→ **TASK TO COMPLETE**: Pictures do not belong in the copy; retype the records below exactly.

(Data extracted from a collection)
BEGIN

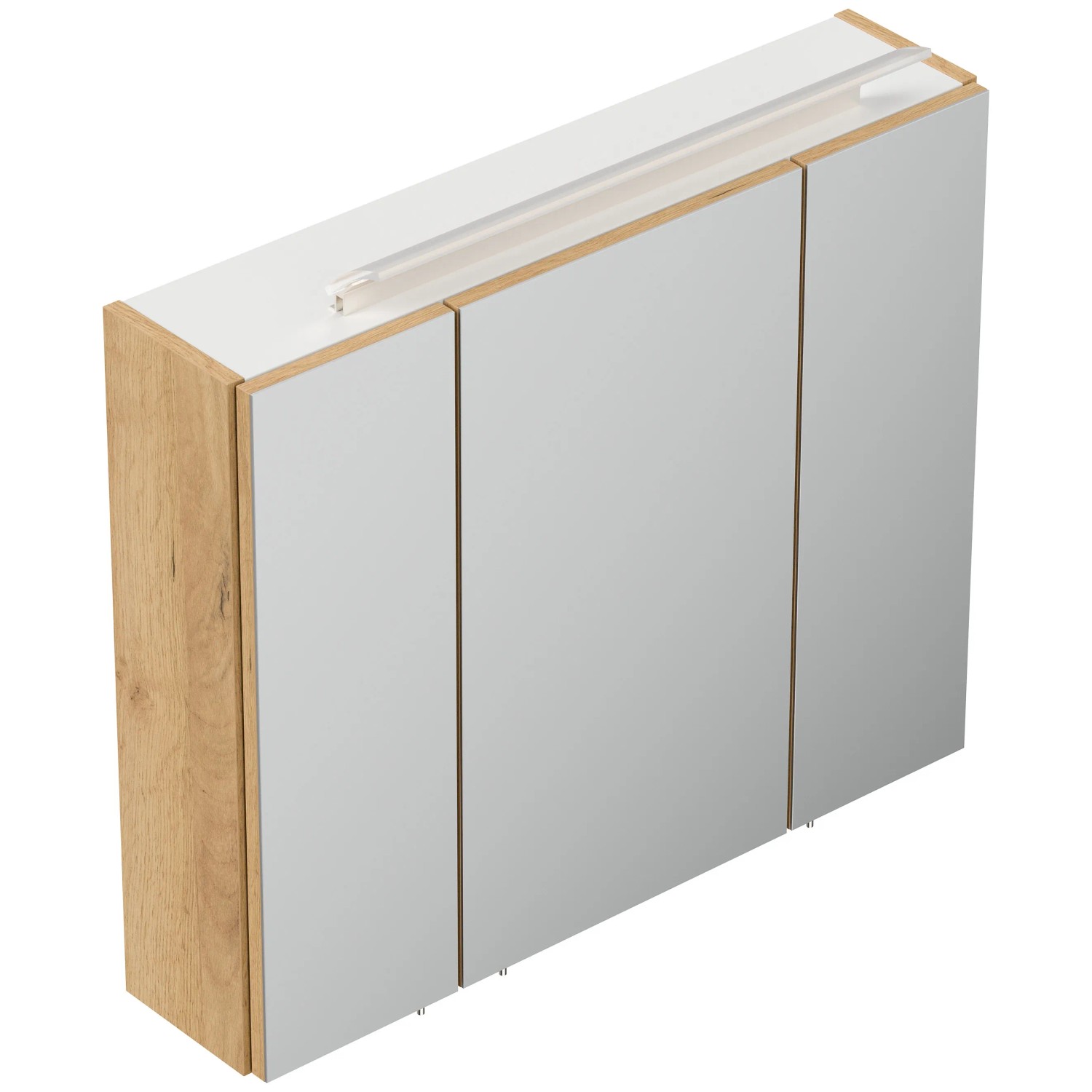 Posseik Spiegelschrank 75 cm mit LED-Lampe und Glasböden, Dekor Eiche Gold.
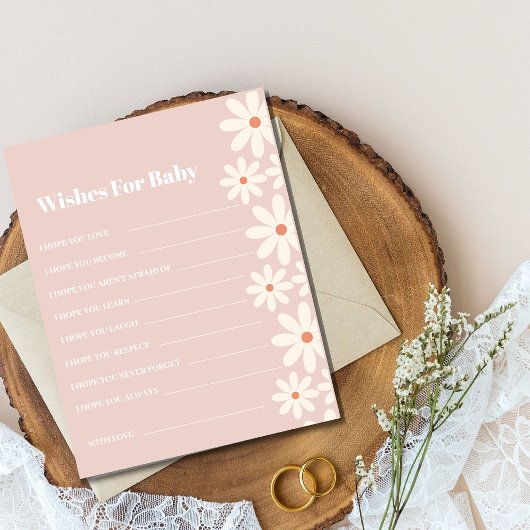 Pink Daisy Baby shower Wishes voor Baby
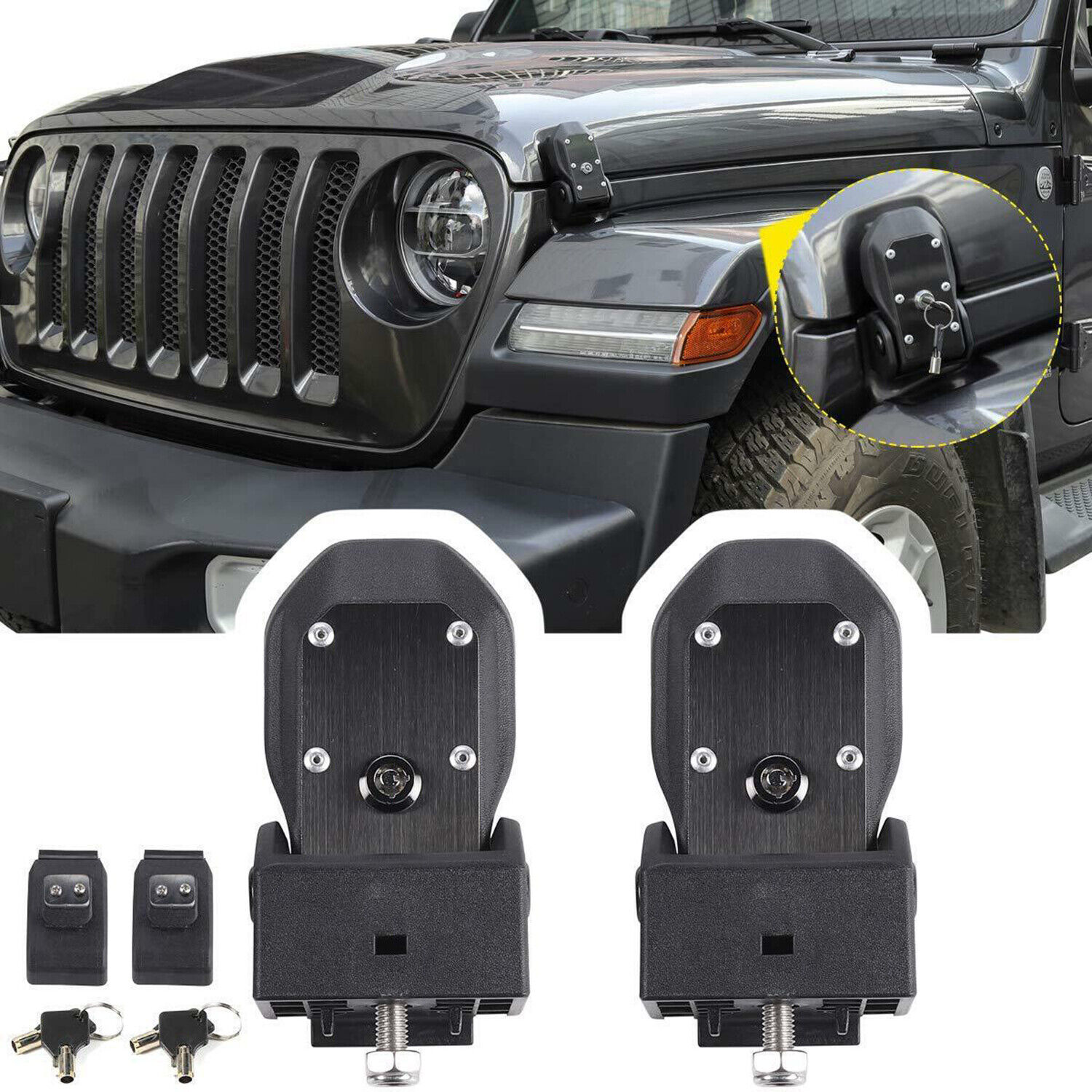  For 2018-2023 Jeep Wrangler JL JLU JT Rubicon Hood Locking Catch Kit With Key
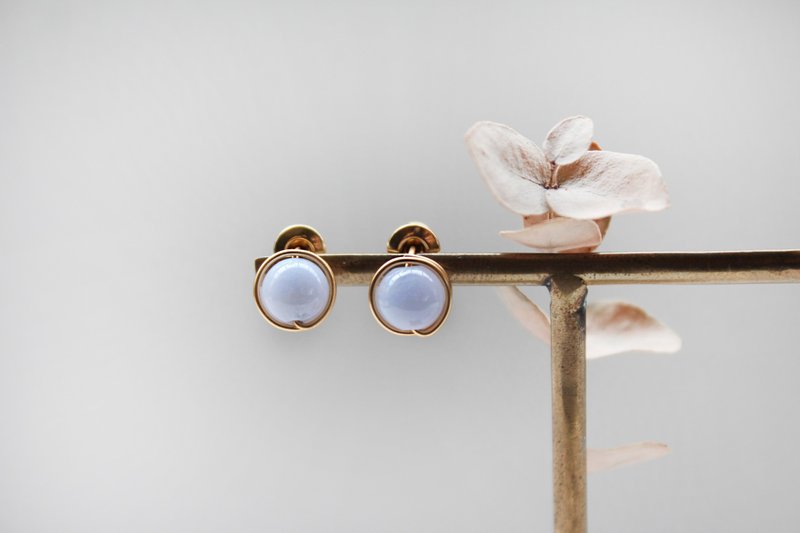Blue Lace Agate 耳夹/耳针 | 经典蓝纹玉髓耳环 - 耳环/耳夹 - 宝石 蓝色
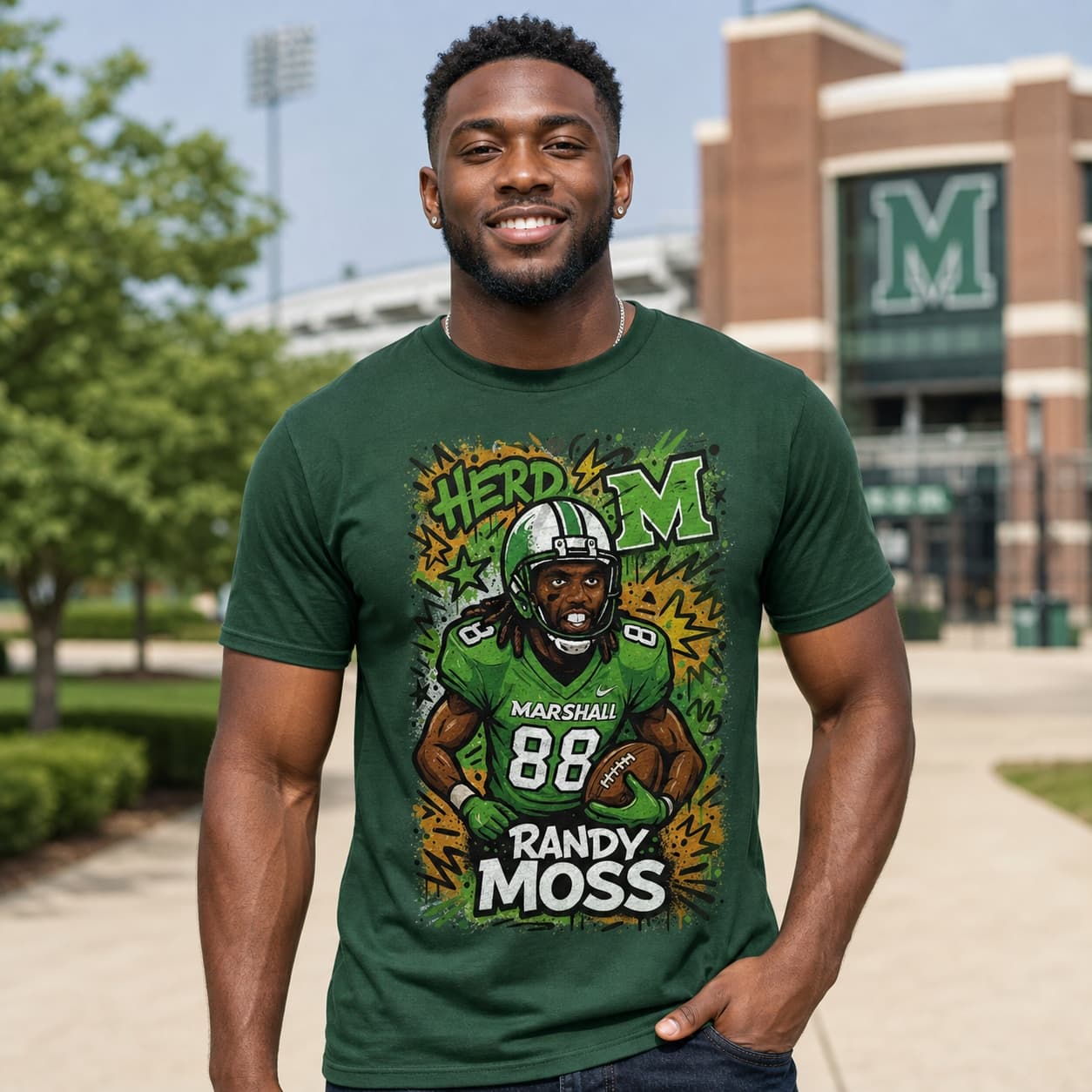 Marshall Thundering Herd Randy Moss Exclusive Caricature Football Artwork Shirt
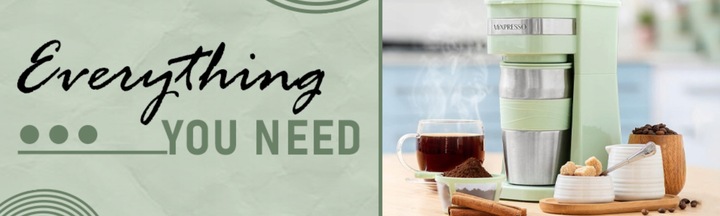 EKSPRES PRZELEWOWY Z KUBKIEM TERMICZNYM CUCINOVA ZIELONY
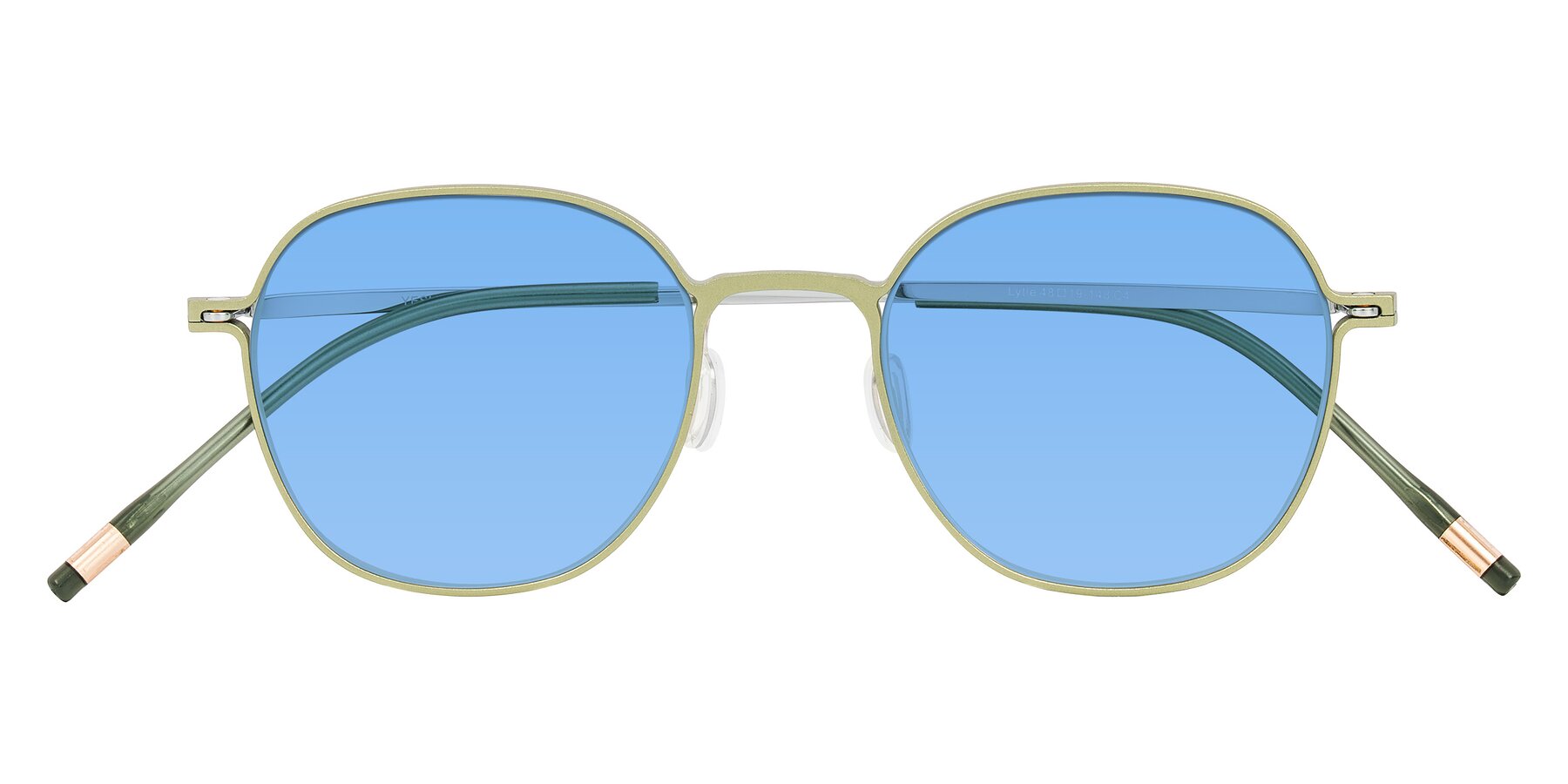 Folded Front of Lytle in Matte Olive/Silver with Medium Blue Tinted Lenses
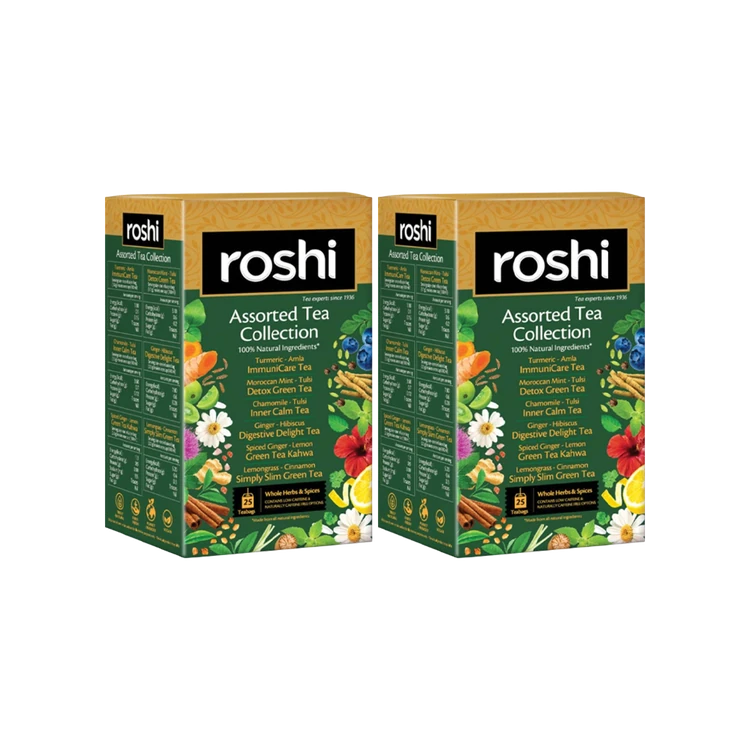 Roshi Assorted Green & Herbal Collection Green Tea Bags - Pack of 2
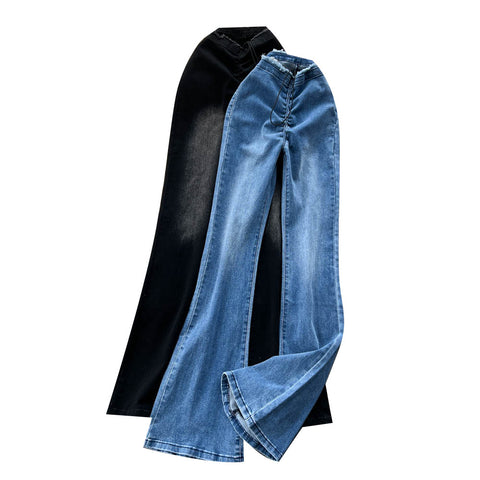 Korean Style Fur-trimmed Flared Jeans
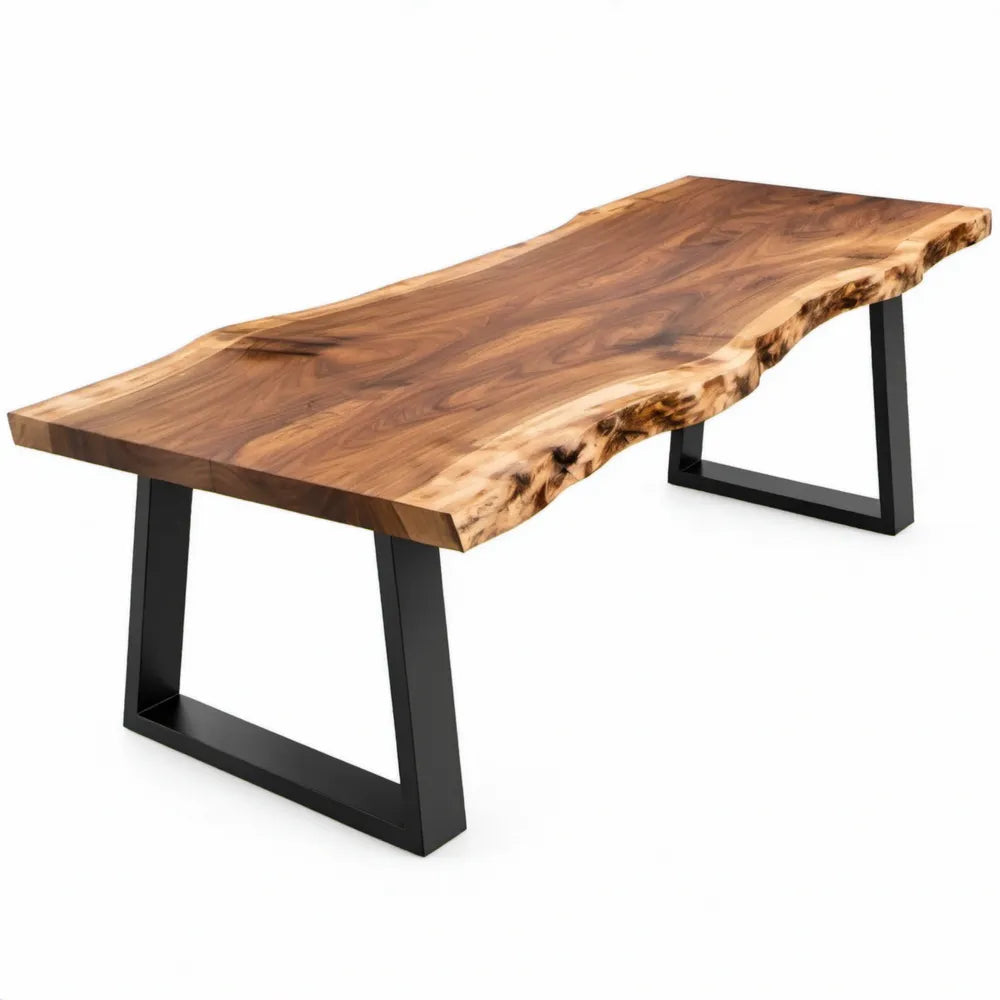 Massief acaciahouten eettafel 200 x 100 x 76 cm met live-edge rand en zwarte stalen poten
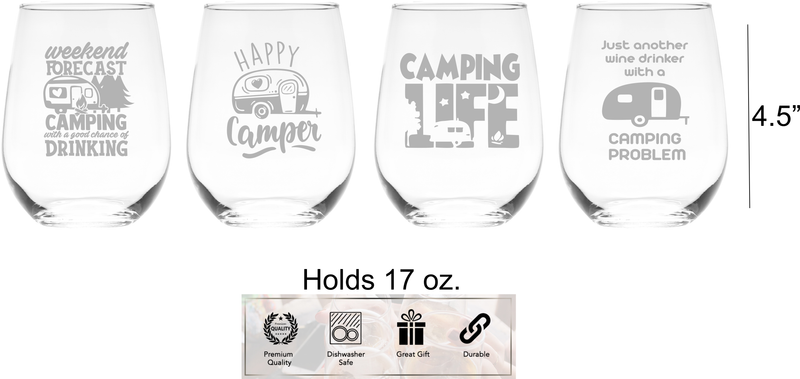 Camping Stemless Wine Glass Set – Camping Themed Gift for Women and Men - 4 Pieces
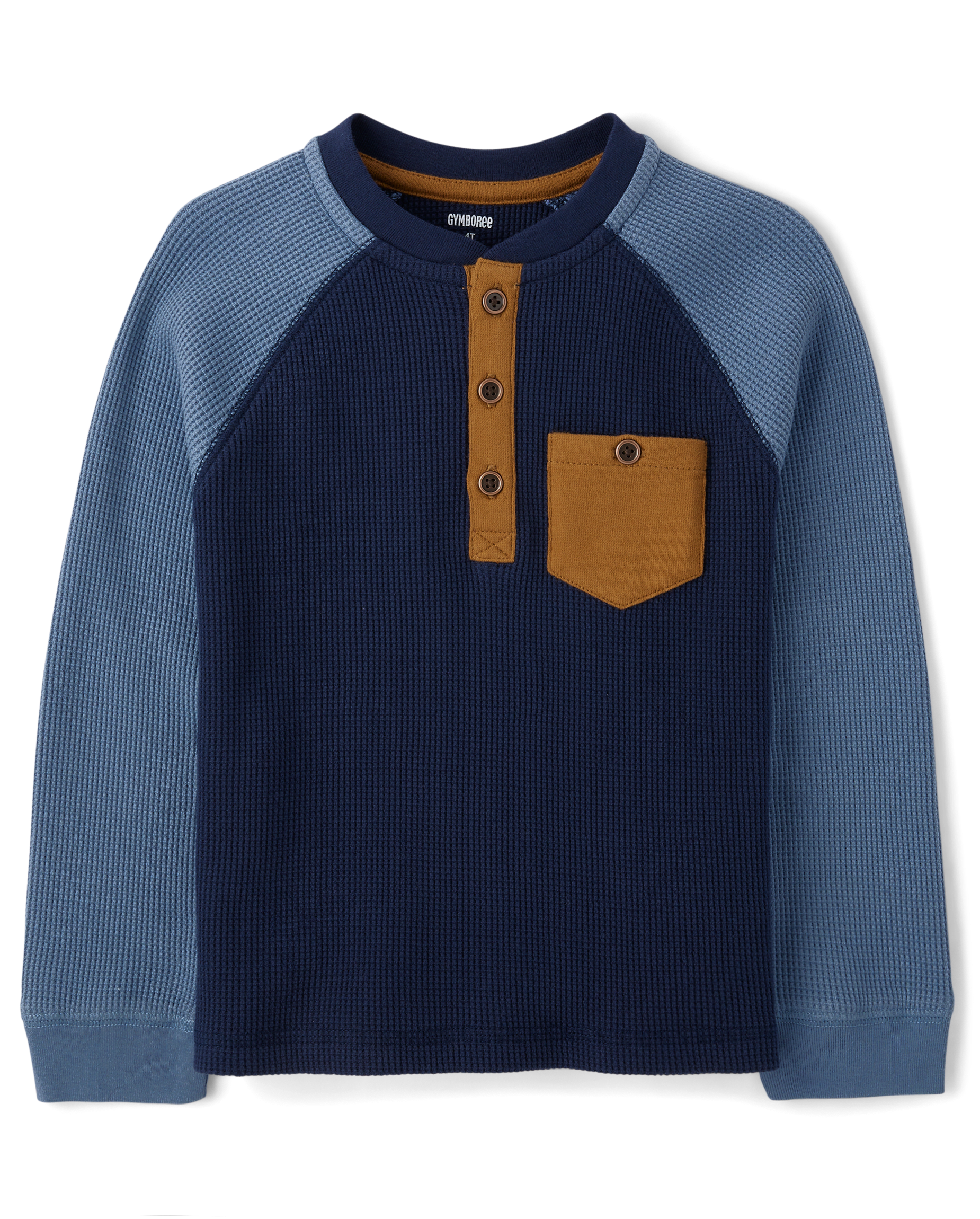 Boys Long Raglan Sleeve Colorblock Thermal Henley Top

END

→ **RESPONSE**:
 Posseik Spiegelschrank 75 cm mit LED-Lampe und Glasböden, Dekor Eiche Gold.
 Pink Daisy Baby shower Wishes voor Baby
  For 2018-2023 Jeep Wrangler JL JLU JT Rubicon Hood Locking Catch Kit With Key
Blue Lace Agate 耳夹/耳针 | 经典蓝纹玉髓耳环 - 耳环/耳夹 - 宝石 蓝色
 Marshall Thundering Herd Randy Moss Exclusive Caricature Football Artwork Shirt
 EKSPRES PRZELEWOWY Z KUBKIEM TERMICZNYM CUCINOVA ZIELONY
 Folded Front of Lytle in Matte Olive/Silver with Medium Blue Tinted Lenses
 Roshi Assorted Green & Herbal Collection Green Tea Bags - Pack of 2
 Korean Style Fur-trimmed Flared Jeans
 Massief acaciahouten eettafel 200 x 100 x 76 cm met live-edge rand en zwarte stalen poten
 Camping Stemless Wine Glass Set – Camping Themed Gift for Women and Men - 4 Pieces
 Boys Long Raglan Sleeve Colorblock Thermal Henley Top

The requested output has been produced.